Personalized Email Spam Quadruples

From people’s paychecks to stock returns, almost every meaningful economic metric was down in 2008.   Fear not though, email spam doubled and what is even more annoying is that personalized spam quadrupled this past year. Just what the doctor ordered eh?

Why the massive jump in personalized spam you say? Well personalization is the holy grail of marketing. It makes mass messaging appeal to an individual by inserting some kind personal information in the message. So, for example if the local car dealership sends you an email saying “Hey John…” or some other sort of personal information the chances of you opening, reading and responding to their call to action is much higher. In fact marketing journals are full of data demonstrating response rates can oftentimes be increased dramatically through personalization.

Now spammers are starting to personalize spam and bombard everyone with very targeted messages.  Here is the story from Marketing Charts:

Spam nearly doubled worldwide since last year and now accounts for nearly 200 billion email messages each day (approximately 90% of email sent), while “personalized” spam based on personal information stolen from the web, has quadrupled in the same time period, according to a study from Cisco Systems, reports MarketingVox.

The Cisco Annual Security Report for 2008 finds that personalized spam, also known as “spear phishing,” comprised more than 0.4% of all September attacks versus less than 0.1% a year ago.

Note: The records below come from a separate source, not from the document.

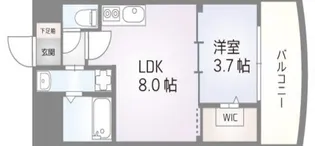 セレニテ谷町calme(カルム)【3階】の間取り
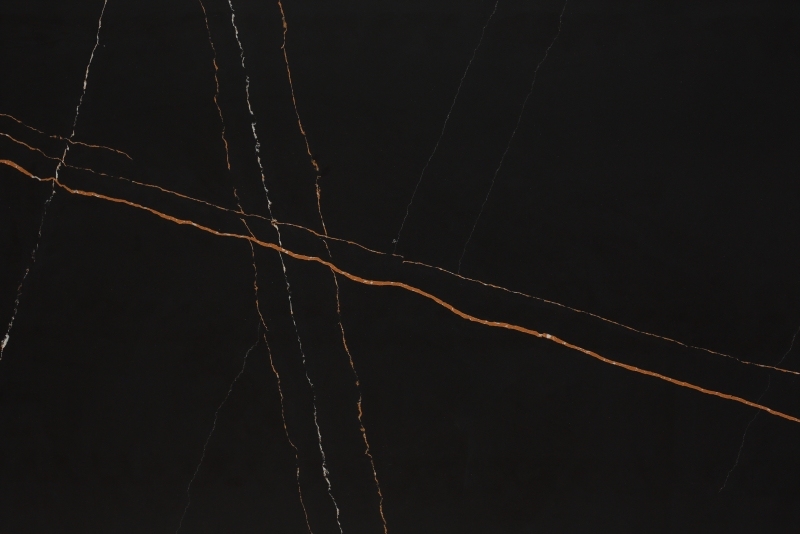 PXQZ191007-1 Black Artificial Quartz with Gold Veins Wholesale Stone Sheets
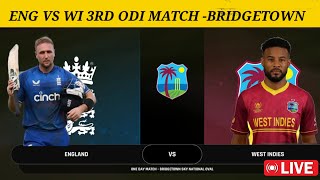 WEST INDIES VS ENGLAND 3RD ODI MATCH BRIDGETOWN 20243RD ONE DAY MATCH ENG VS WI🏆🔥 [upl. by Airyk712]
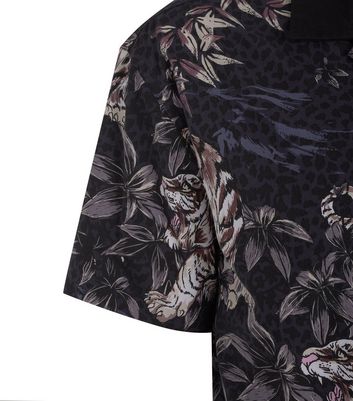 Image of Jack & Jones Navy Tiger Jungle Print Short Sleeve Shirt New Look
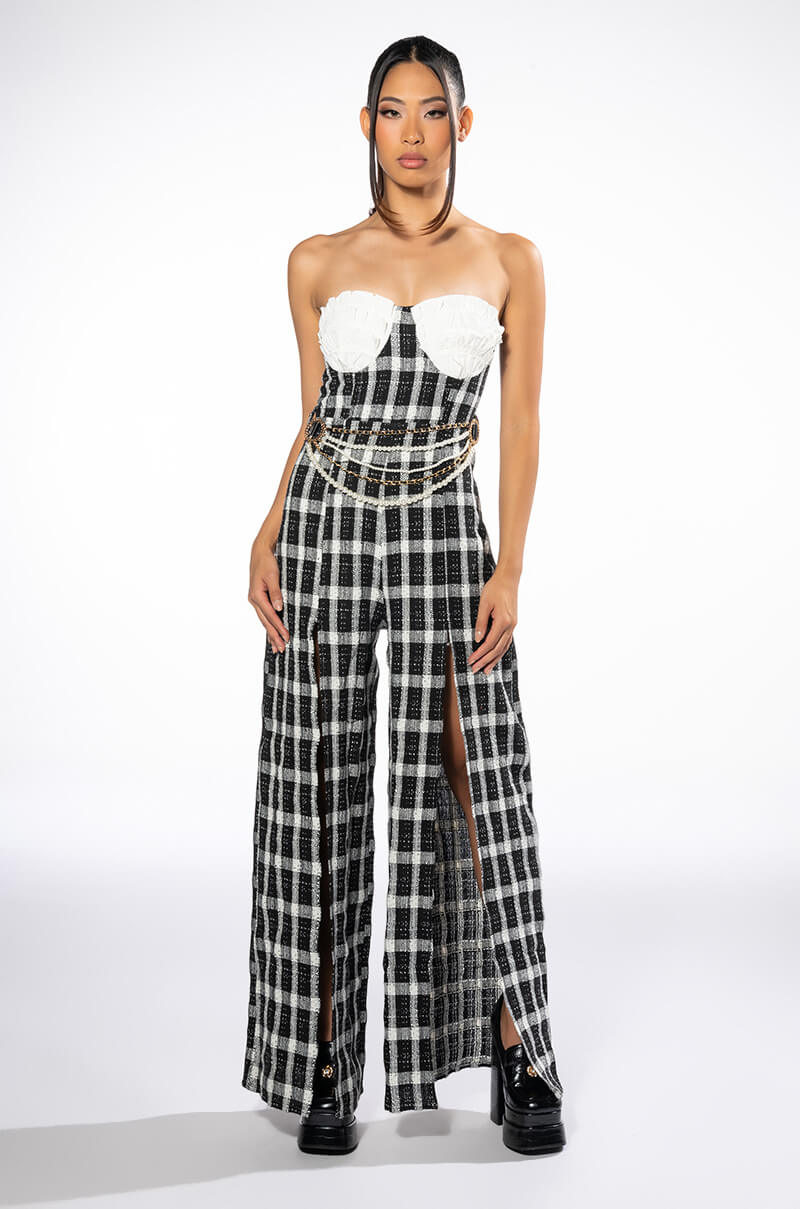 HARLEY STRAPLESS WIDE LEG HIGH SLIT JUMPSUIT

According to the report, the latest types of spear-phishing campaigns include:

  • Spam sent via SMS to the mobile phones of recipients in the same area code.
  • Emails that appear to be from the Internal Revenue Service, The Better Business Bureau, and the US district courts or tax courts.
  • Emails pretending to be from universities with which the intended victims are affiliated as current students, alumni, or faculty.
  • Emails that attempt to lure the victim into entering login information about their Google Adwords account (not only is the victim’s credit card or personal information stolen, but often, their Adwords traffic gets redirected to criminal-run blogs).
  • “Whaling” emails, which are extremely personalized to target specific top executives.

Be aware of what you open and where you give out  your information.